Complimentary Coffee

Jane, the new member of counter staff at the café, twisted the cold tap to make water dribble slowly into the empty coffee jug she had placed in the sink. She took the full jug from under the filter and put it up onto the hotplate built into the top of the coffee machine. After a quick glance at the jug in the sink, to check that it was not filling too quickly, she took out the machine's filter and, with a deft flick of her strong right wrist, discarded the steaming wet coffee grounds into the green plastic bag that lined the bin. She placed the empty filter upright on the draining board and reached up to the shelf where the filter papers and packets of grounds were kept.

At the exact moment the water in the jug in the sink passed the mark on the side of the jug, Jane was inserting the replenished filter back into the machine. She turned off the tap and poured the jug's contents into the top of the machine. Placing the jug on the hotplate below the filter caused a light on the side of the machine to flick on. The light indicated that inside the machine a process had started; the water would be heated, then passed through the filter to drip, as coffee, into the jug below.

During this routine a boy watched Jane's body. He was sitting at a table in the café with two friends. His friends were in his year at school, but only theoretically, since they never attended classes.
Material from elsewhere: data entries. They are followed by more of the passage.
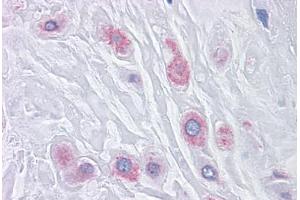 Human Placenta: Formalin-Fixed, Paraffin-Embedded (FFPE) (BUB1B anticorps  (AA 1-130))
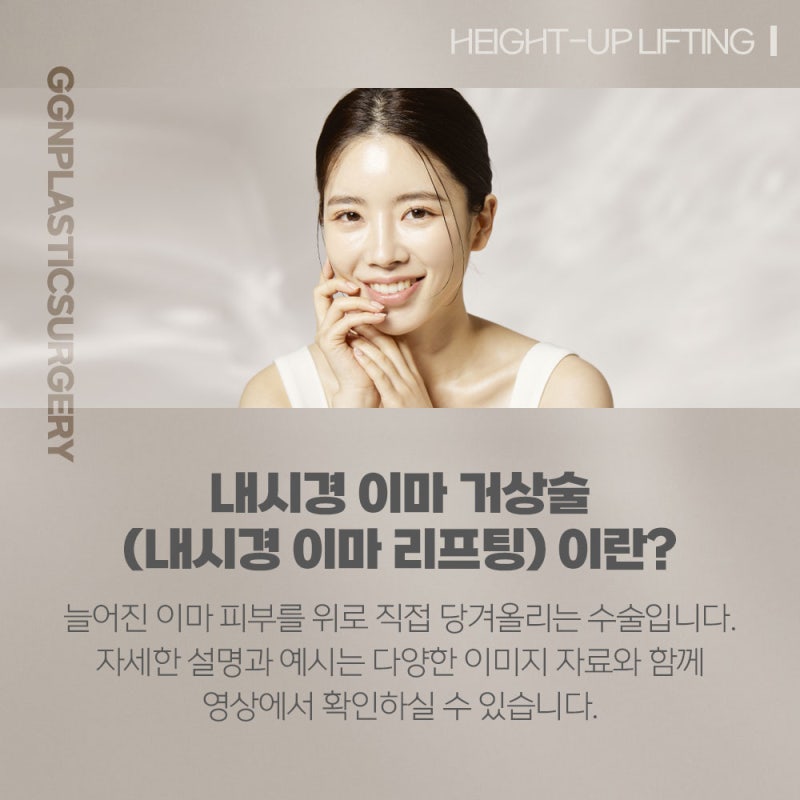 [강남 리프팅] 이마 주름개선엔 하이업 이마리프팅! 사진 2
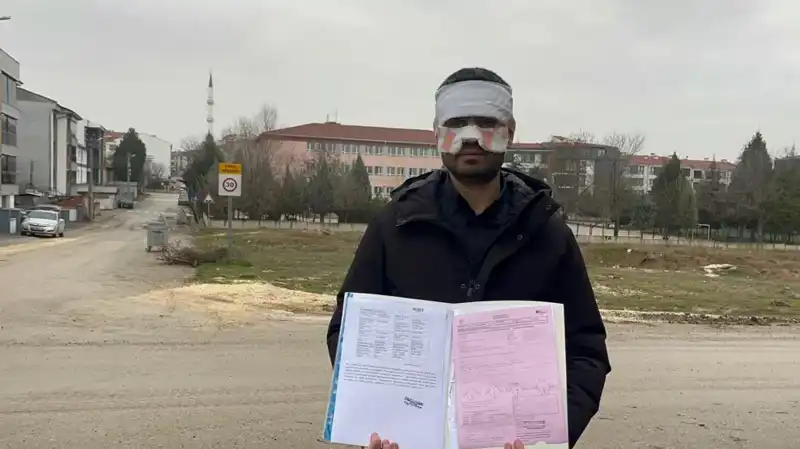 Sıcak Çay İle Yaşanan Skandal: Öğretmen Öğretmeni Yaktı!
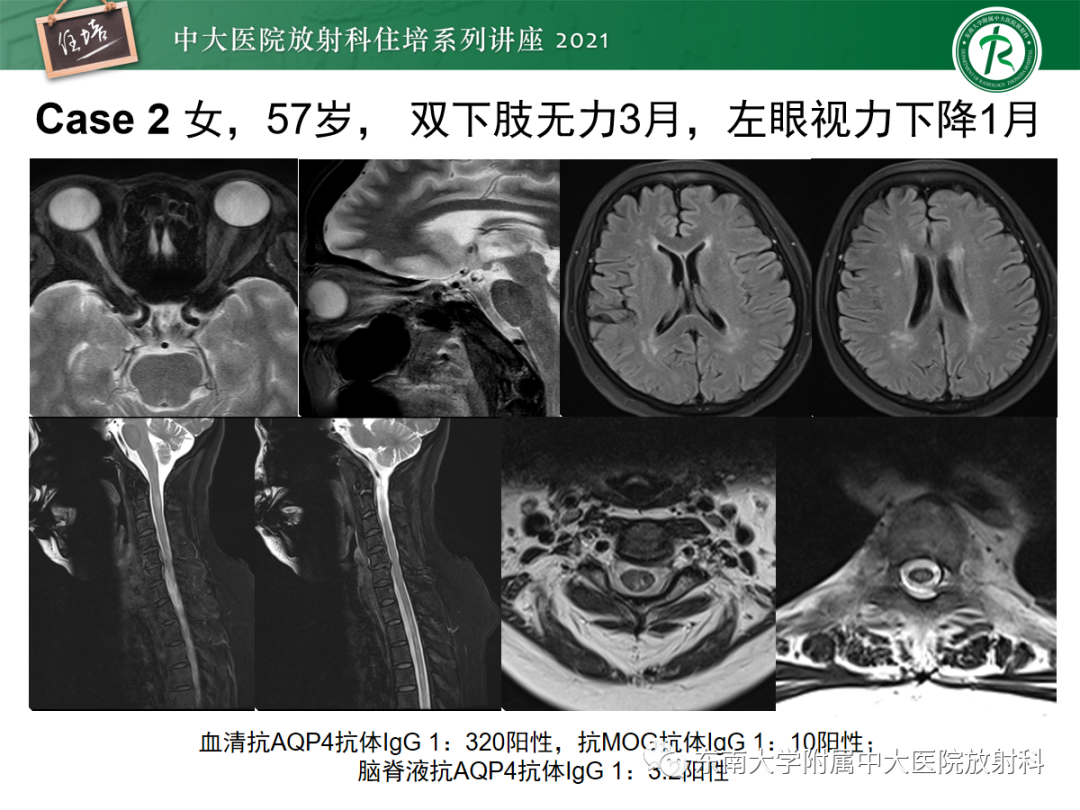 影像PPT - 【PPT】视神经脊髓炎谱系疾病影像表现及鉴别诊断-29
His two friends could only see Jane by turning their heads. When Jane had started her machine refill sequence the boy had begun tapping the fingers of his right hand on the table, tap, tap, tap, tap. When Jane had reached up to put the full jug on top of the machine, then again when she had reached up to get a fresh filter paper and packet of coffee from the shelf, and finally when she had reached up to pour the water into the top of the machine the boy tapped his fingers faster, tap-tap-tap-tap. This caused his companions immense amusement which they suppressed, squirming and smirking to each other.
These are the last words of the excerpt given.